*** Opening Source material ***
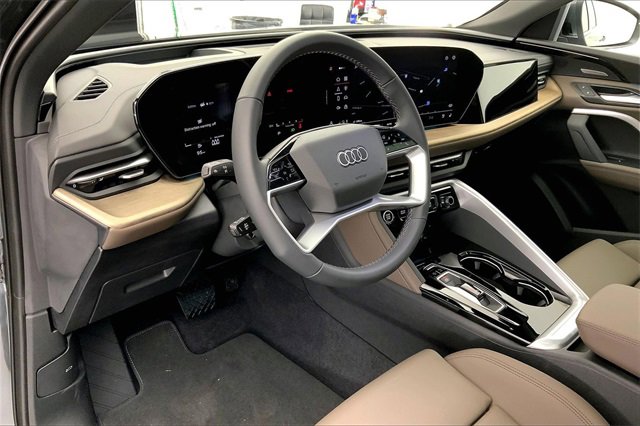New 2025 Audi Q5 2.0T Premium Plus image 7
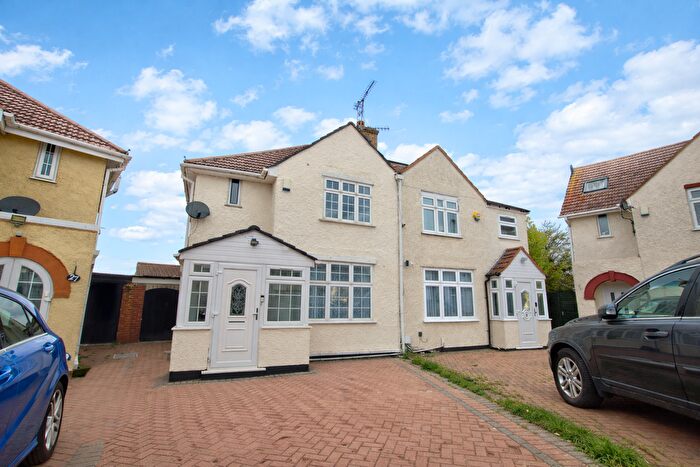 4 Bedroom Semi Detached House For Sale In Pembroke Road, Greenford, UB6
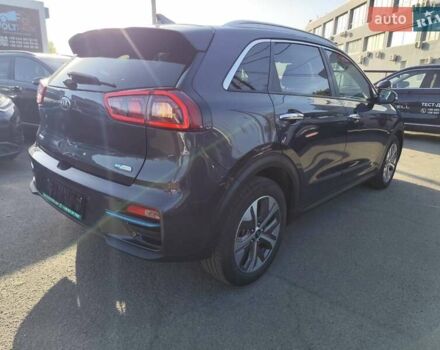 Серый Киа Niro, объемом двигателя 0 л и пробегом 129 тыс. км за 18555 $, фото 16 на Automoto.ua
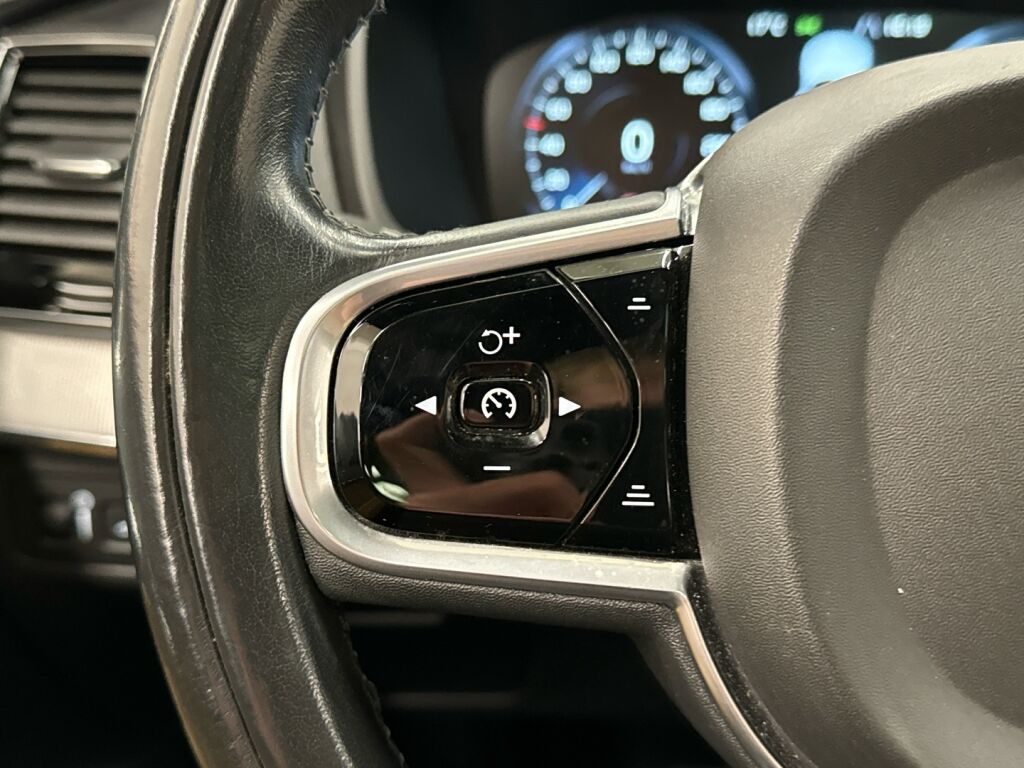 Volvo XC90 2017 Harmaa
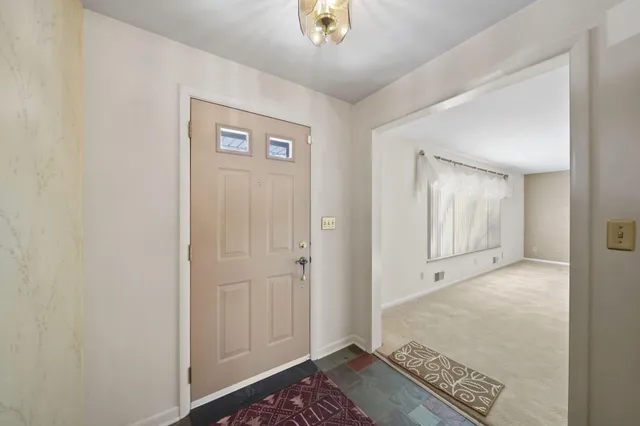 $290,000 | 912 Halstead Boulevard, Jackson, MI 49203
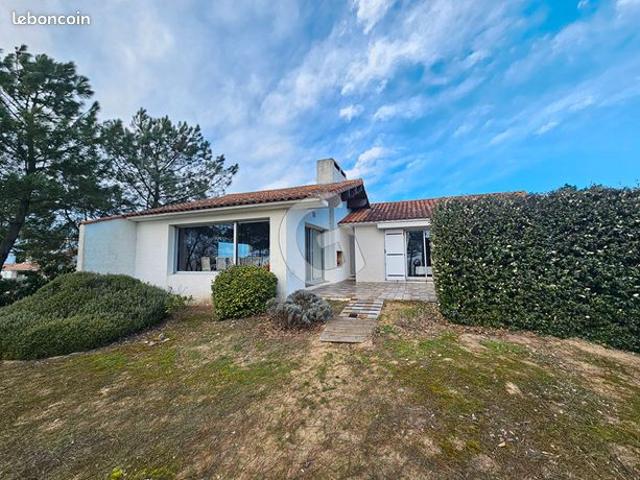 Maison 6 pièces 176 m²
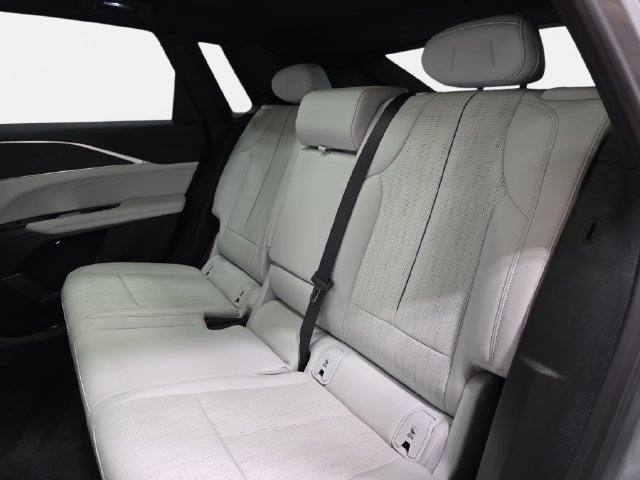 Certified 2024 Cadillac Lyriq Luxury AWD/4WD image 11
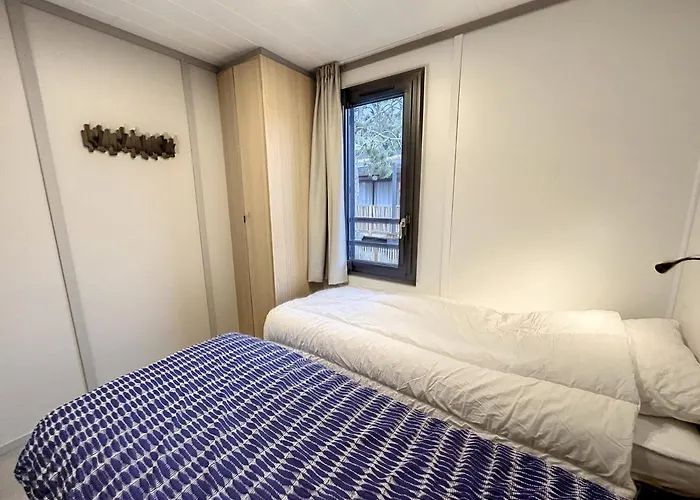 Chalet Standing Avec Piscine Chauffee, 4 Couchages, Proche Et Commerces, Wifi Inclus - Fr-1-361-527 *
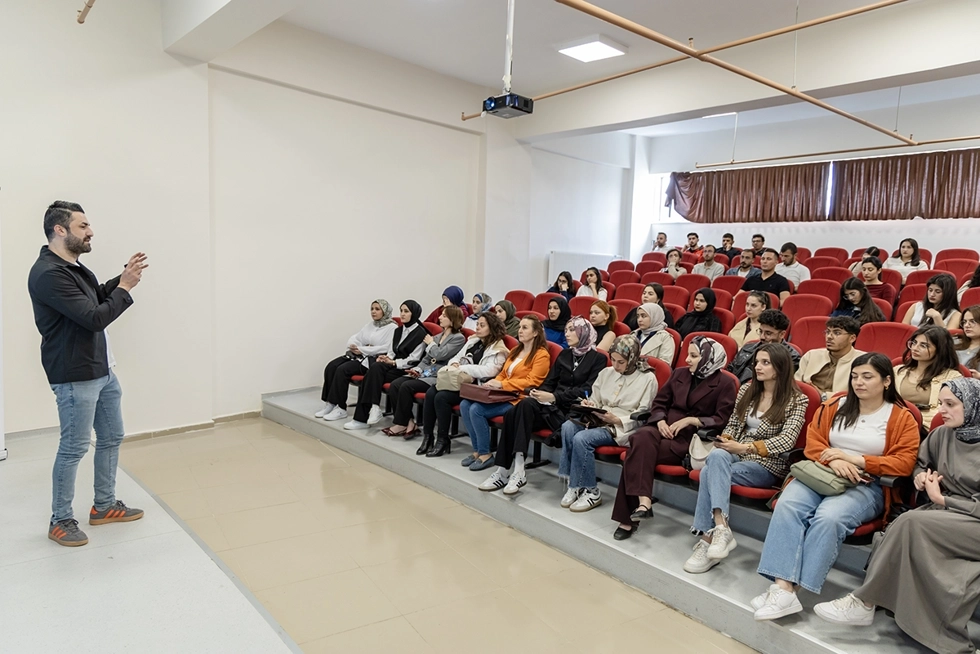 Üniversitemizde TÜBİTAK 2209-A Proje Bilgilendirme Etkinliği Düzenlendi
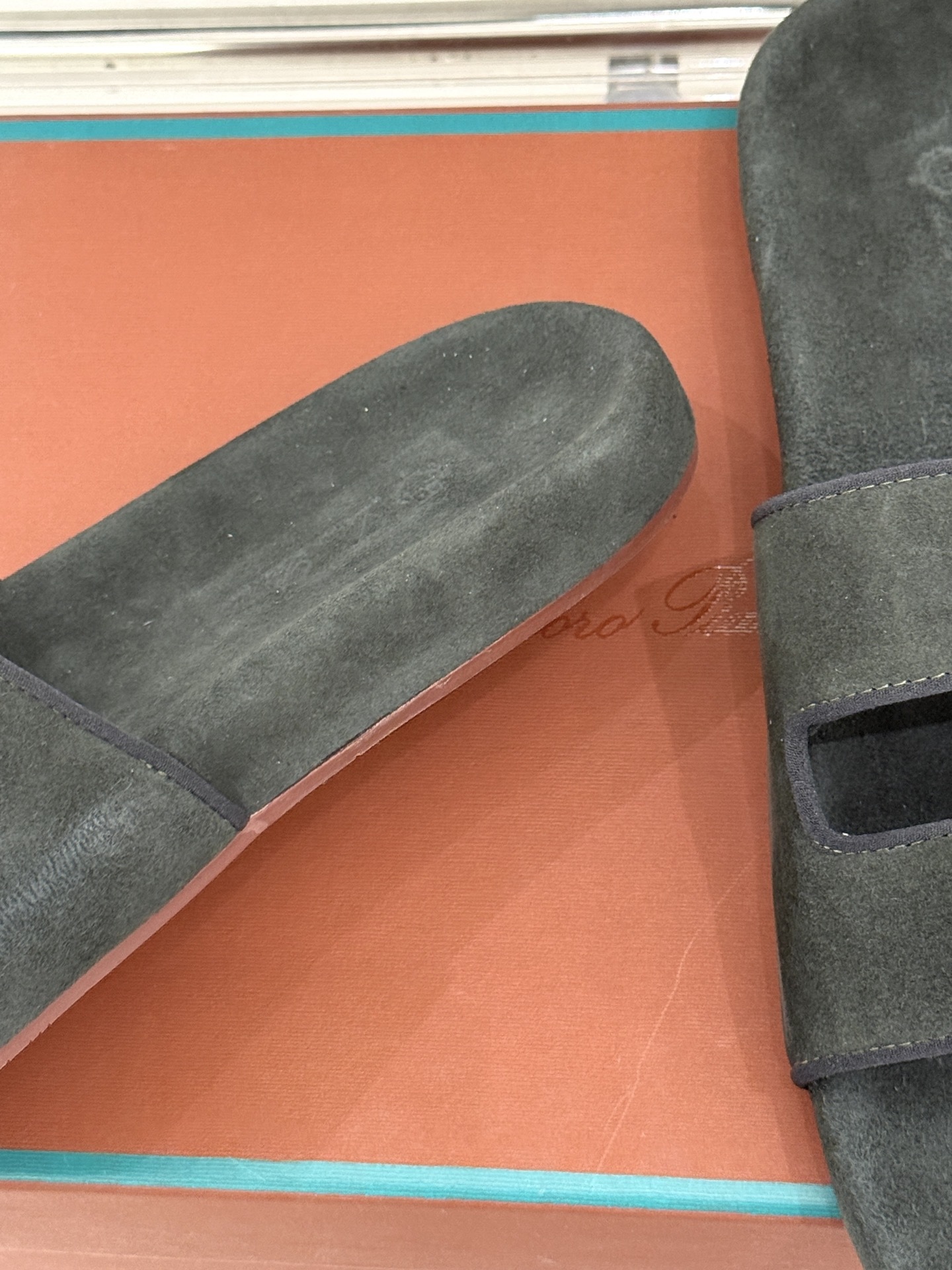 Loro Piana/LPWF春夏新品复古
魔术贴休闲男款拖鞋
源自拥有近两百年历史的意大利奢侈品牌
*** Closing Source material ***
## Required action
Leave out any pictures and return exactly the lines from the beginning of the data through the line with "Chalet Standing Avec", inclusive.

## Solution to this exercise
New 2025 Audi Q5 2.0T Premium Plus image 7
 4 Bedroom Semi Detached House For Sale In Pembroke Road, Greenford, UB6
 Серый Киа Niro, объемом двигателя 0 л и пробегом 129 тыс. км за 18555 $, фото 16 на Automoto.ua
 Volvo XC90 2017 Harmaa
 $290,000 | 912 Halstead Boulevard, Jackson, MI 49203
 Maison 6 pièces 176 m²
 Certified 2024 Cadillac Lyriq Luxury AWD/4WD image 11
 Chalet Standing Avec Piscine Chauffee, 4 Couchages, Proche Et Commerces, Wifi Inclus - Fr-1-361-527 *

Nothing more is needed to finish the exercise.